Ghee is generally found to be packaged in airtight glass jars. They should be kept away from direct sunlight as sunlight can cause moisture to build inside the jar. Moisture can cause deterioration to the ghee's quality as well as reduce its shelf life. To prevent the acceleration of the oxidation process, they should be protected from anything that causes it, such as UV rays from sunlight and fluorescent lights. If the jar is unopened, it does not need to be refrigerated as long as the previously mentioned conditions are met. Once opened, they can be stored in a kitchen cabinet for up to three months. Afterwards, it may be left in the refrigerator for up to a year. The refrigerator causes ghee to harden but if it is left at room temperature for a while, it will soften up again.

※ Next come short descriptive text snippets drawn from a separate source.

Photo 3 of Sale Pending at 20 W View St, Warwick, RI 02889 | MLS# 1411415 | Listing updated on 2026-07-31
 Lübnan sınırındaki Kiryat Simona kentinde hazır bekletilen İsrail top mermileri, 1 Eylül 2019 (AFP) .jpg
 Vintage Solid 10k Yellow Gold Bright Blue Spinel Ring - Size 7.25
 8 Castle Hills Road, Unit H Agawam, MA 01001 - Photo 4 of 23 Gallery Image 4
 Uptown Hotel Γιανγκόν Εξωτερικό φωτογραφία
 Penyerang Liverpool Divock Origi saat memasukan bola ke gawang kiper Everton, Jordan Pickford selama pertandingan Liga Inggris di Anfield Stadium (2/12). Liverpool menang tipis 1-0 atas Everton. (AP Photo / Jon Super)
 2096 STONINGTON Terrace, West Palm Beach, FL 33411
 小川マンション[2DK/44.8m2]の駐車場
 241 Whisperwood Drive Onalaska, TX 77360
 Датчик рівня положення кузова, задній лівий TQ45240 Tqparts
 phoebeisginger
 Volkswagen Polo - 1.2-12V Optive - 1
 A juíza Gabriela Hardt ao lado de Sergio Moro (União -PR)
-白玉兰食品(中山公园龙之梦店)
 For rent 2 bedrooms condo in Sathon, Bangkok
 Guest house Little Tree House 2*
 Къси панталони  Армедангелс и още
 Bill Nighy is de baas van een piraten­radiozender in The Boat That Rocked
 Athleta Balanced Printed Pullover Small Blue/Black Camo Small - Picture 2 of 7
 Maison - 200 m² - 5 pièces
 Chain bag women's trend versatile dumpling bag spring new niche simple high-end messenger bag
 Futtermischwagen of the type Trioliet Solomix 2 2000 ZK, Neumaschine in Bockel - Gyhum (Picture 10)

Ghee may be made of milk from various domesticated ungulates, such as cows and sheep. The composition of ghee varies depending on the animal whose milk has been used. The vitamin A content ranged from 315 to 375 international units per 100 grams. Palmitic acid and oleic acid were two of the main fatty acids found in both cow and sheep ghee. The saturated fatty acid profile was 53.9 to 66.8%, the unsaturated fatty acid profile was 22.8 to 38.0% and the other fatty acids was 3.5 to 10.4%. Cholesterol amounts ranged from 252 to 284 mg/100 grams.
The market size of ghee in India is 10,000 crores or US$1.5 billion as of 2016. India is the world's largest producer of buffalo and cow milk and consequently also the largest producer and consumer of ghee.